What is Optical Character Recognition (OCR)

Extracting Information from Prepared Slides

The ZenPad electronic whiteboard, located in Classroom 2000, supports a lecturer’s ability to display and annotate notes on top of a prepared presentation. These slides are typically PowerPoint presentations that have been converted into a collection of GIF or JPEG images. It is the static GIF or JPEG images that are then loaded into the Zen* system.

After lectures, there is important information that we want to have extracted from each of the GIF or JPEG images. By extracting the text that is on each slide, we can generalize as to what the lecturer was discussing when a particular slide was presented. By determining where the text is on a particular slide, we can determine what the focus of attention is on each slide. For example, when the lecturer circles a word, we can assume that word has something to do with the subject or matter they are discussing at that point in time. Finally, from extracting the textual and spatial information of each slide, we can also gather some structural information about the composition of each slide (such as title and diagram location).
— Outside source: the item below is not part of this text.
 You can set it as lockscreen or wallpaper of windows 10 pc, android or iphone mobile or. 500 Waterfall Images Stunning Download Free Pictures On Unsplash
The purpose of this research is to delve into possible ways that this text/ information extraction can be performed using optical character recognition (OCR) techniques. Although fairly accurate OCR systems exist, we assume that the backgrounds used in Classroom 2000 presentations are non-uniform, and that often times the text may be embedded within images, thus making the accuracy of current systems inefficient. In our system, we are typically only trying to recognize character belonging to the 62 classes: [0-9], [a-z] and [A-Z]. Since annotations can be made to the slides during a presentation, it is also our goal to recognize when a lecturer is putting emphasis on a particular topic (i.e.- circling words, inserting asterisks, underlining topics, etc.). We will attempt to derive summaries of the slides presented by combining OCR technology and lecture annotations even when text is not the dominating element shown.

How Imaging Leads to Optical Character Recognition (OCR)?

According to the National Library of Canada, digitization usually refers to the process of converting a paper- or film-based document into electronic form bit by bit. This electronic conversion is accomplished through a process called imaging whereby a document is scanned and an electronic representation of the original is produced. Using a scanner, the imaging process involves recording changes in light intensity reflected from the document as a matrix of dots. The light/ color values of each dot is stored in binary digits, one bit being required for each dot in a black/white scan and up to 32 bits for a color scan [1]. Optical character recognition (OCR) takes this data one step further by converting this electronic data, originally a bitmap, into machine-readable, editable text.

Problems with OCR

Optical character recognition currently has applications in areas such as document indexing and sorting, forms processing and digital document conversion. The current systems would have unlimited possibilities if they could overcome obstacles such as recognizing text that is embedded, uses varying fonts, irregular backgrounds and varying dimensions. The most precise systems claim an accuracy ratings of 99%⁴, but this number does not apply to the documents we are trying to OCR. Instead, they are recognizing pages that are fairly uniform in that the text is of the same size and font, a first-generation document is being used (as opposed to a fax, copy, etc.) and no backgrounds are included. Lines, logos and graphics are also unfavorable toward the accuracy of an OCRed document⁵. In these cases, an accurate system can claim rating of 80-85%, which may seem precise but actually translates to more than one error every two words.

Current OCR techniques

Although optical character recognition is performed using various techniques, five basic steps typically do not change. These include pre-processing, image segmentation, pattern classification, correction and post-processing.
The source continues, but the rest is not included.